EXERCISE
Give the listing again character for character, but drop the images.

DATA SECTION
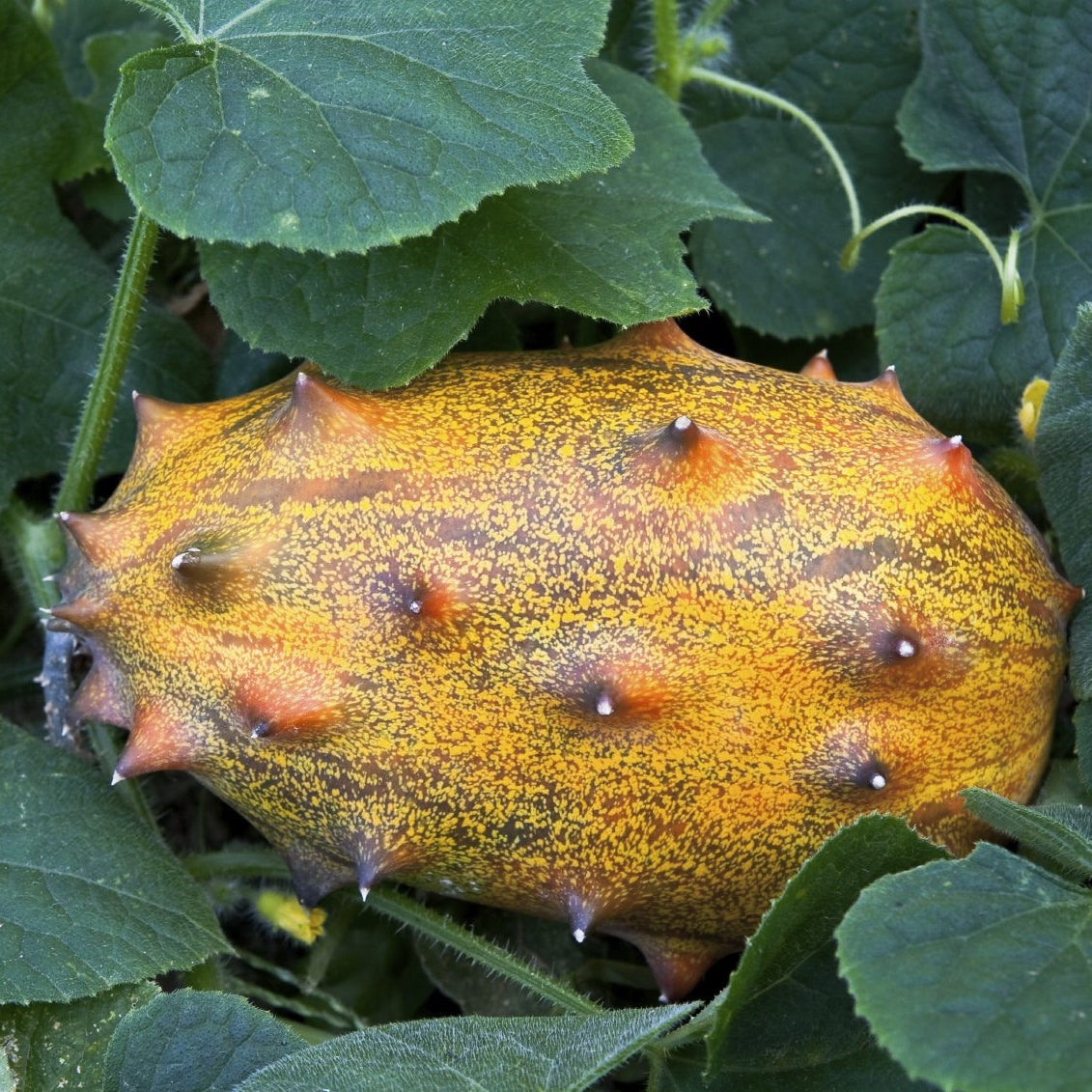 50Pcs Horned Melon Fruit Seeds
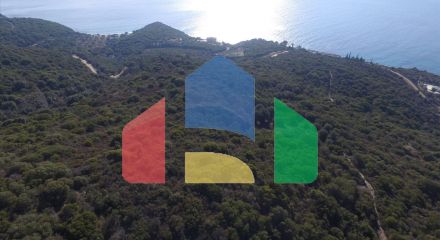 For Sale - Land 12415 m² in Athos, Chalkidiki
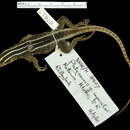 Image of Emperor Flat Lizard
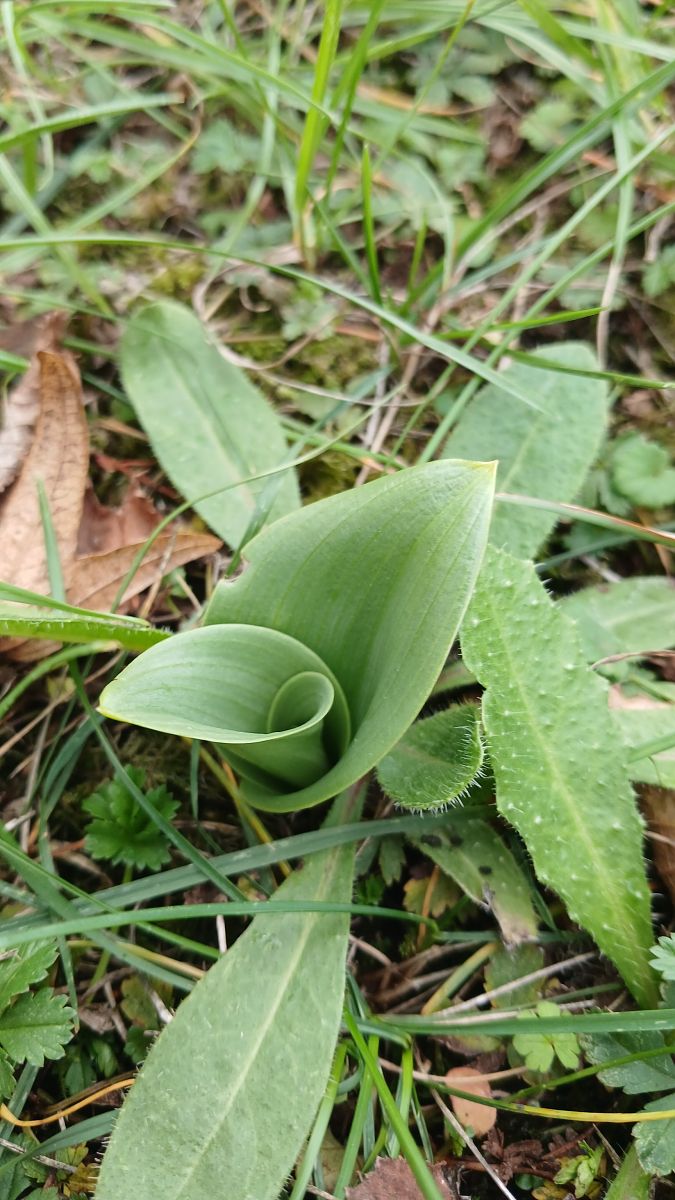Himantoglossum hircinum  - José Miguel Martins Da Silva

EXERCISE RESULT
 50Pcs Horned Melon Fruit Seeds
 For Sale - Land 12415 m² in Athos, Chalkidiki
 Image of Emperor Flat Lizard
Himantoglossum hircinum  - José Miguel Martins Da Silva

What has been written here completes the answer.